Too many people are hired based on the quality of their presentation skills. By scripting the first 30 minutes of the interview you can be sure to hire people based on their actual ability.
Based on 40 years of recruiting and training more than twenty thousand recruiters and hiring managers on how to actually predict on-the-job performance, one problem always stands out:
The best person for the job is often the one not hired. Instead it’s the best presenter who is usually hired.
In this case success is problematic.
This mistake is magnified 2X by not hiring the better person who just happened to not be as good an interviewee.
The Performance vs. Presentation graph summarizes this negative “double whammy” problem. By focusing on performance (the horizontal arrow) rather than presentation (the vertical arrow) both problems are eliminated. Here’s how to reprogram yourself to make this critical change.
Define the job before defining the person doing the job.
Most job descriptions look like this list of more than 800 jobs on Indeed.com for mechanical engineers in the Chicago area. Other than the common generic responsibilities the requirements define what the person hired needs to have in terms of skills, education and experience. These are not job descriptions; they’re “person descriptions.”
Since clarifying job expectations has repeatedly been shown to be the number one driver of performance, it’s important to define the work that needs to be done before defining the person doing the work. Most jobs can be defined as a series of 5-6 performance objectives. For example, rather than saying a purchasing manager must have 10+ years in the hardware industry purchasing fasteners, a BS in a technical field and strong ERP background with SAP, say, “Lead the redesign effort of our entire fastener procurement process as we shift to SAP’s new materials management module.”
Here’s the complete written instruction manual on how to prepare a performance-based job description from scratch. The video is shown below.
Recognize that getting the job is not the same as doing the job.
Emotions play a big role in who gets hired. Most managers overvalue first impressions, affability, assertiveness and communication skills. Techies overvalue the depth of technical skills. Most interviewers quickly eliminate those who “just don’t fit” using some nebulous criteria.
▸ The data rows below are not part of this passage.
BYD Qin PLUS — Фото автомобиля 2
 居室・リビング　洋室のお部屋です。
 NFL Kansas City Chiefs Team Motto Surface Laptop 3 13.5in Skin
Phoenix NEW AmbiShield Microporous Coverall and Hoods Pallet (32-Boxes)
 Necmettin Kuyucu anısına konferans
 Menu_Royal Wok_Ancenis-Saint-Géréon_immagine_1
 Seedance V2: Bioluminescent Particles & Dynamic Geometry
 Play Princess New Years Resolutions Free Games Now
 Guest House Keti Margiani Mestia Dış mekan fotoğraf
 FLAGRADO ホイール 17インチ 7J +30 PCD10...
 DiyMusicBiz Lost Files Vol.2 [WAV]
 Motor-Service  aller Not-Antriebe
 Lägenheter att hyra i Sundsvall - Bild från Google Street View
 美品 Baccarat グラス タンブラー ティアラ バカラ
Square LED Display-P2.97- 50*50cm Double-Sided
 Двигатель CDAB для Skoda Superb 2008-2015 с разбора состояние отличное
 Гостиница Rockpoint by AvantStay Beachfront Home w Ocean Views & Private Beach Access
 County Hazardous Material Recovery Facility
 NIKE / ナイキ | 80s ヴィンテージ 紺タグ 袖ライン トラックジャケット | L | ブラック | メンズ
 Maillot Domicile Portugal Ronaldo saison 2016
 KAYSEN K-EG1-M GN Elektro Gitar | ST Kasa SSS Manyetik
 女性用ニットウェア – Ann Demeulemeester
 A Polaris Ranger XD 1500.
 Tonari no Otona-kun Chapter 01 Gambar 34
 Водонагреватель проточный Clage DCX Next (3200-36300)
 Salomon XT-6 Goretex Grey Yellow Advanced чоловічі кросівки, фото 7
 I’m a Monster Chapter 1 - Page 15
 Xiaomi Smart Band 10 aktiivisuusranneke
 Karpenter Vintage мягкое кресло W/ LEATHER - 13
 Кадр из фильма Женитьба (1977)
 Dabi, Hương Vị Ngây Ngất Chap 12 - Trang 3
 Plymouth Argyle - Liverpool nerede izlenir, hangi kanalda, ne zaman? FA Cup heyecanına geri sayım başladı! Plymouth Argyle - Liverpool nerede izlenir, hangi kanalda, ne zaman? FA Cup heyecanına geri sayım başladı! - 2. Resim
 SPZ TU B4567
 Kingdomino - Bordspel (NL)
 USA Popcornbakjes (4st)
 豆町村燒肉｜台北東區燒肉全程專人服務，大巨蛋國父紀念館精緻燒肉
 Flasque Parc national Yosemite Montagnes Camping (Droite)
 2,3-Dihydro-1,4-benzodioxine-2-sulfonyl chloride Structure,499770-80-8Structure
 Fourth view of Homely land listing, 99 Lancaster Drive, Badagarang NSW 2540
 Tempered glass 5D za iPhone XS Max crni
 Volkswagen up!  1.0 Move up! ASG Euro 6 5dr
One way to overcome these biases is by using a scripted 30-minute interview for all candidates whether they make a good first impression or not. This delay is how you force the horizontal performance-based decision-making shown in the graph. Using a talent scorecard with specific ranking guidelines quickly separates the objective interviewers from those who over-rely on emotions or their intuition.
Recognize that strangers are treated differently than acquaintances and referrals.
In a recent post, I contended that people who are personally connected to the interviewer in some way – even loosely – are evaluated differently than strangers. Strangers are rarely given the benefit of the doubt. As a result they are judged largely on the depth of their skills, level of direct experience, personality and first impression. These are terrible predictors of performance and fit. The connected person begins with a significant advantage: he or she is assumed competent. The subsequent assessment is slower and based on the person’s track record of past performance and ability to learn new skills. Here’s a simple way to assess everyone the same way.
Managers ask irrelevant questions and assess people on meaningless facts. Brain teasers were always known to have questionable value although it took a huge study by Google before these questions were shown to be worthless and misleading. Since it’s hard to know when a hiring manager or someone on the interviewing team will go off on an inappropriate tangent, I suggest using a well-organized panel interview to control these impulses. The best of these panels are those in which the team works together digging deep into the candidate’s major accomplishments.
The typical process is too transactional. Filling jobs with those who are the most skilled is much different than hiring the strongest person possible. The former is largely a box-checking exercise with the price determined by supply and demand. The latter involves spending more time with fewer candidates focusing on their past performance, their upside potential and ensuring their intrinsic motivators map to the real job. When people are hired this way there’s an instant improvement in quality of hire, an increase in job satisfaction and a huge reduction in unnecessary turnover.
When people are hired based largely on their presentation skills and affability, their on-the-job success is likely to be random and erratic. While it’s impossible to assess the invisible cost of not hiring the better person, it’s not hard to justify its importance. After you do it a few times, you’ll recognize why it’s worth whatever effort it takes.